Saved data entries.
******************************
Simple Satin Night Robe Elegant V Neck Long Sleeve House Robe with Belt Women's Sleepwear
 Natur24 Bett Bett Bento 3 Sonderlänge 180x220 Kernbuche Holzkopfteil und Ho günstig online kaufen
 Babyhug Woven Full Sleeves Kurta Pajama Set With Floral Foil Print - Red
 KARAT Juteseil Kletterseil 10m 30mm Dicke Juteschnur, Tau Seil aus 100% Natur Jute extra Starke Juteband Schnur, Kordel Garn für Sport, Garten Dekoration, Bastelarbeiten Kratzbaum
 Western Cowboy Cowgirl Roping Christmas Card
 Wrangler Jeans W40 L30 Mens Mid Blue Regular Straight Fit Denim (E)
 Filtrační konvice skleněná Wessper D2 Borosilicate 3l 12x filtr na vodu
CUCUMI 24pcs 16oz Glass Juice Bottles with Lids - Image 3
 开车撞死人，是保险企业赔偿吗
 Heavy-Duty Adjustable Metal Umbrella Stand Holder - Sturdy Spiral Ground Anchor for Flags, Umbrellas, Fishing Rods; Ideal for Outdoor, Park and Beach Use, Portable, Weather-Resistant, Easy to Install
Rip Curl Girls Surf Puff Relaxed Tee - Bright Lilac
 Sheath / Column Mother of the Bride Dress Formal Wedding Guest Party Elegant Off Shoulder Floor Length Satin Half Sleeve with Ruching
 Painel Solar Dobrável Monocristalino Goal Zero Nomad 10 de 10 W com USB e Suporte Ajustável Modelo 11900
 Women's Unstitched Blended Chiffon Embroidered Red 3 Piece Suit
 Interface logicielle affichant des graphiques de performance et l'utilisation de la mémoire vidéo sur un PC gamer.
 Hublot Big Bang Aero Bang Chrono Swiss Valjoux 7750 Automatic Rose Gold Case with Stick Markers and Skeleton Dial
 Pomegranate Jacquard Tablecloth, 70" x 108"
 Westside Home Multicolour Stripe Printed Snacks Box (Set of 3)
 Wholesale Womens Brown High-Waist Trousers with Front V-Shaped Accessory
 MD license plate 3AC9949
******************************
HOW TO COMPLETE THIS TASK. What lines above hold the word "Satin"? List them all.

EXERCISE RESPONSE.
Simple Satin Night Robe Elegant V Neck Long Sleeve House Robe with Belt Women's Sleepwear
 Sheath / Column Mother of the Bride Dress Formal Wedding Guest Party Elegant Off Shoulder Floor Length Satin Half Sleeve with Ruching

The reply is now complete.